De Afdeling verklaart het hoger beroep gegrond en vernietigt de uitspraak van de rechtbank. De Afdeling verwijst naar de overzichtsuitspraak van 6 augustus 2025 (ECLI:NL: RVS:2025:3690) waarin is overwogen dat bij de beoordeling of sprake is van een nadeliger situatie slechts ruimtelijke gevolgen relevant zijn. Dat gaat het alleen om te verwachten objectieve gevolgen van het nieuwe planologische regime.
Zo wordt in een planologische vergelijking slechts rekening gehouden met zorgen over gezondheidsrisico’s als gevolg van een planologische maatregel, als voor die zorgen aanwijzingen zijn te vinden in wetenschappelijke informatie die op de peildatum beschikbaar is.
De pluimveehouder heeft in 2018 beroep ingesteld tegen de vaststelling van het plan. De Afdeling heeft in de bovenbedoelde uitspraak van 20 maart 2019 overwogen dat de raad voor vaststelling van het plan heeft laten onderzoeken of en zo ja, welk risico het vogelasiel met zich mee zou brengen voor het pluimveebedrijf. Uit dat onderzoek is gebleken dat de aanwezigheid van het vogelasiel op zichzelf geen risico inhield. Er was, aldus de raad geen sprake van een onaanvaardbaar risico of onaanvaardbare aantasting van de belangen van het bedrijf. Dat het vogelasiel mogelijk op slechts 100 meter van het bedrijf herstelde vogels uitzet maakt dit niet anders omdat dat een feitelijke handeling is en geen ten tijde van de inwerkingtreding van het plan te verwachten objectief gevolg is.

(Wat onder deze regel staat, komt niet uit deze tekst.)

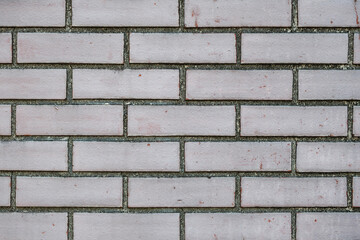 古い汚れたセメントで塗り固められたレンガ風のブロックの壁　　背景テクスチャー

De Afdeling concludeert dat de pluimveehouder door de inwerkingtreding van het bestemmingsplan niet in een nadeliger planologische situatie is komen te verkeren. De pluimveehouder komt niet in aanmerking voor een tegemoetkoming.
Uit deze uitspraak blijkt dat de Afdeling strikt vasthoudt aan de lijn uit de overzichtsuitspraak. Slechts objectief te verwachten gevolgen van het nieuwe planologische regime zijn van belang.
De welhaast privaatrechtelijke benadering van de rechtbank waarbij rekening wordt gehouden met aspecten als toerekening naar redelijkheid en alternatieve causaliteit hoort volgens de Afdeling blijkbaar niet thuis in het bestuursrechtelijke schadevergoedingsrecht, dan wel is die benadering slechts toegestaan als eerst vaststaat dat er sprake is van objectief te verwachten nadelige gevolgen van het nieuwe planologische regime.